US coffee businesses prepare for new packaging reforms as several states update their Extended Producer Responsibility laws.
The United States coffee industry has long operated within a relatively permissive packaging environment. That is changing fast. A sweeping wave of Extended Producer Responsibility (EPR) legislation is fundamentally shifting who pays for packaging waste management away from municipalities and taxpayers, and squarely onto the producers, importers, and distributors who put packaging into the market. For an industry that touches millions of single-use cups, pods, foil bags, and shipping boxes every day, this is a compliance reckoning that demands attention now.
What Is EPR?
EPR laws require companies that manufacture, import, or sell packaged goods to register with a Producer Responsibility Organization (PRO), report packaging volumes by weight, and pay fees that fund recycling infrastructure and end-of-life waste programs. In most active states, the designated PRO is the Circular Action Alliance (CAA), founded in 2022. Fees are typically eco-modulated, meaning packaging that is harder to recycle costs producers more.
The State-by-State Landscape
Seven states have now enacted comprehensive packaging EPR laws, each with distinct timelines and obligations:
● Maine (Stewardship Program for Packaging, 2021): The first US state to act. Producers must register and report 2025 data by May 31, 2026.
● Oregon (Plastic Pollution and Recycling Modernization Act, SB 582, 2021): Fully live as of July 2025, with enforcement penalties up to $25,000 per day for non-compliance.
● Colorado (Producer Responsibility Program for Recycling, HB 22-1355, 2022): Producers registered by October 2024; first fees due January 2026.
● California (Plastic Pollution Prevention & Packaging Producer Responsibility Act, SB 54, 2022): PRO fee obligations begin January 2027; mandates 25% plastic reduction and a 65% recycling rate by 2032.
● Minnesota (Packaging Waste and Cost Reduction Act, HF 3911, 2024): Producers joined CAA by July 2025; first stewardship plans due October 2028.
● Maryland (SB 901, 2025): Uniquely allows multiple PROs; responsibility plans due July 2028.
● Washington (SB 5284): Producers must register by July 2026; simplified reporting begins that year.
Hawaii and Rhode Island passed their own EPR needs assessment laws in May and June 2025 (H 6207), and New York, Illinois, New Jersey, Massachusetts, Missouri, New Hampshire, Oregon, Tennessee, and Vermont have active legislation pending.

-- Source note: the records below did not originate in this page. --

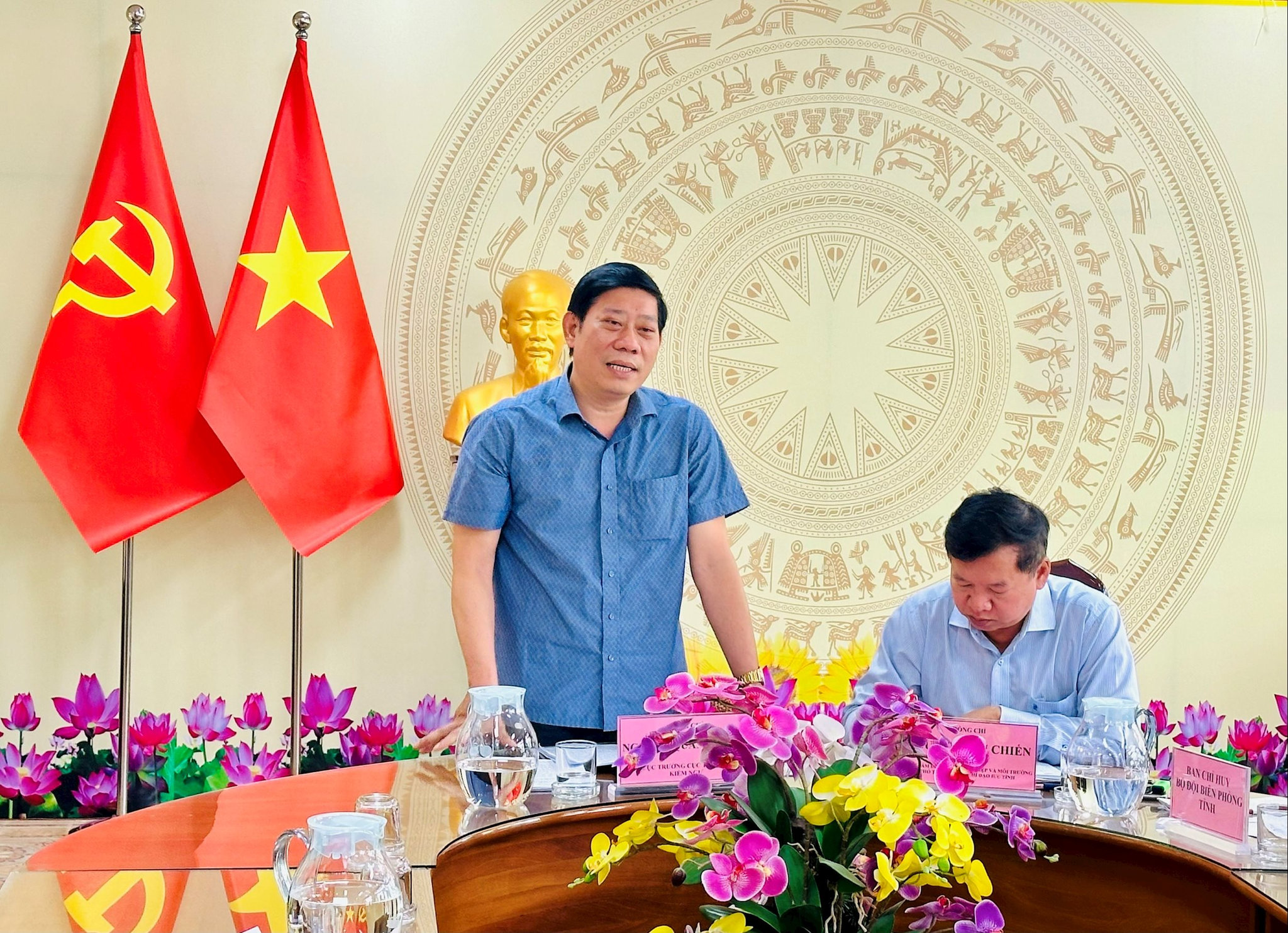 Ông Nguyễn Quang Hùng, Phó Cục trưởng cục thủy sản và kiểm ngư kết luận tại buổi làm việc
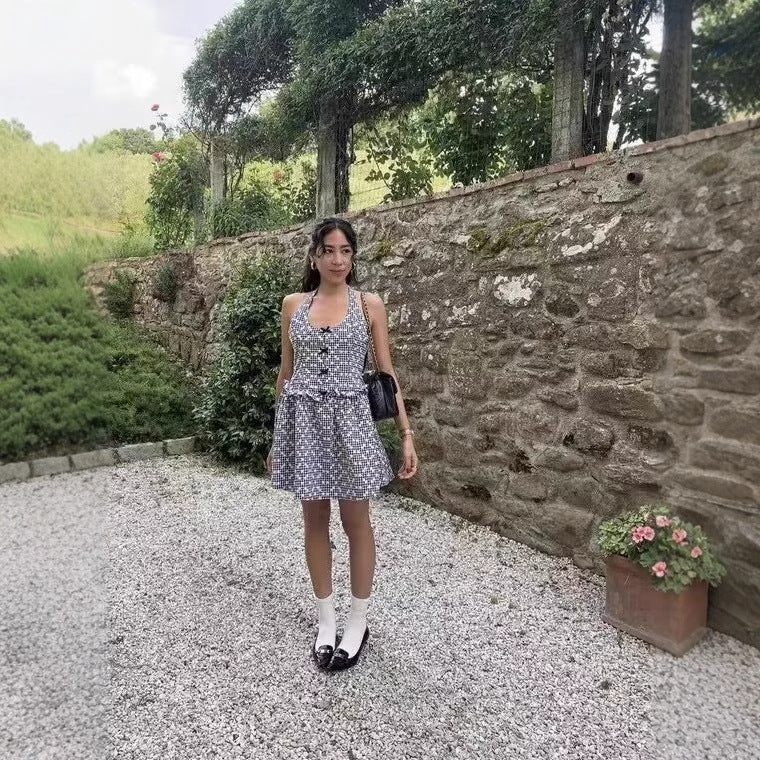 Damen Freizeitkleid mit verspieltem Halterneck und floralem Karodesign EB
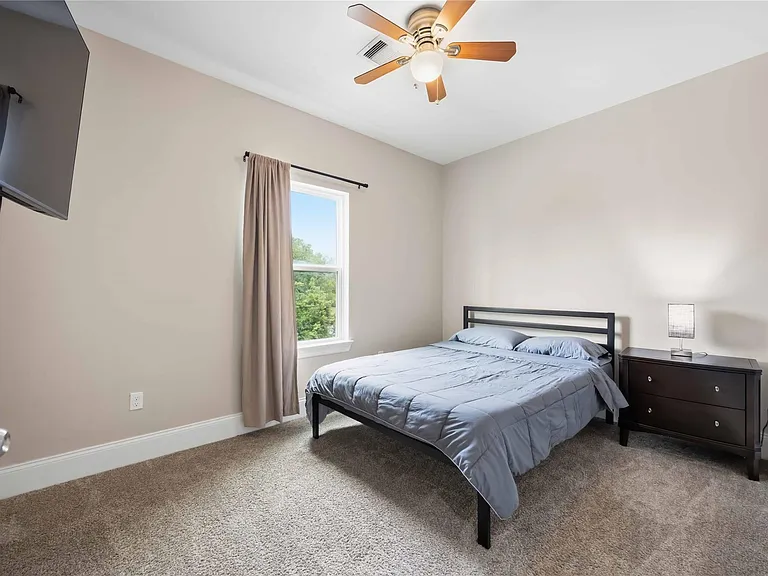 9320 Coffee St #B — Photo 17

Impact on Coffee Importers
Importers who bring green or roasted coffee into the US bear the highest risk. Under most state laws, if the foreign manufacturer has no US presence, the importer becomes the obligated producer responsible for reporting all packaging entering each regulated state. This includes not just primary packaging like foil-valve bags but also secondary and shipping materials, depending on the state. For importers operating across multiple states, the compliance burden multiplies rapidly.
Impact on Roasters
Domestic roasters who own their brand and control packaging specifications are squarely in the crosshairs as obligated producers. They must track packaging by material type and weight, register with CAA, and pay fees. These costs will likely be built into product pricing.
Impact on Cafes
For retail cafés, EPR exposure is most acute around food serviceware — disposable cups, plastic lids, straws, and beverage trays are all covered materials under these laws. In Colorado, cafés that use branded paper bags are classified as the obligated producers of those bags, a notable departure from Oregon's model, which holds the bag manufacturer responsible. National chains with private-label packaging face additional complexity when they are classified as brand owners rather than end users.
Impact on Packaging Manufacturers and Co-Packers
EPR is rewriting the math of coffee packaging in the US. Every gram of film is no longer just a material cost — it becomes a recurring fee, state by state, year after year. That shifts packaging from a one-time procurement decision into a long-term operating cost.
In an email to STiR Coffee and Tea, Ellen Reichmann, Group Head Packlab at Hesser Packaging explains how these regulations affect packaging manufacturers and co-packers: “This is where the machine matters more than most realize. It accounts for roughly 3% of the pack price but governs about 75% of its total cost of ownership — and, increasingly, the EPR exposure attached to it.
“At Hesser Packaging, our machines are engineered to minimize material consumption at the source, which directly lowers weight-based EPR fees over the lifetime of every line. We combine this with APR-certified aroma-protection valves for a recyclable, turnkey solution, and our in-house Packlab and broad film-supplier network help customers systematically qualify compliant materials.
“The trend we see: leading manufacturers now spec to the strictest state requirements — serving the full US market with one packaging standard, and turning compliance complexity into a structural cost advantage,” Reichmann concludes.
Now Is the Time for Adaptation
The patchwork nature of these laws is not an accident; it is the reality. Each state requires independent registration, reporting, and fee payments. For a coffee business selling nationally, that could mean seven separate compliance streams today and significantly more within five years. The businesses that will navigate this era best are those who start mapping their packaging footprint state by state — not when the deadline arrives, but now.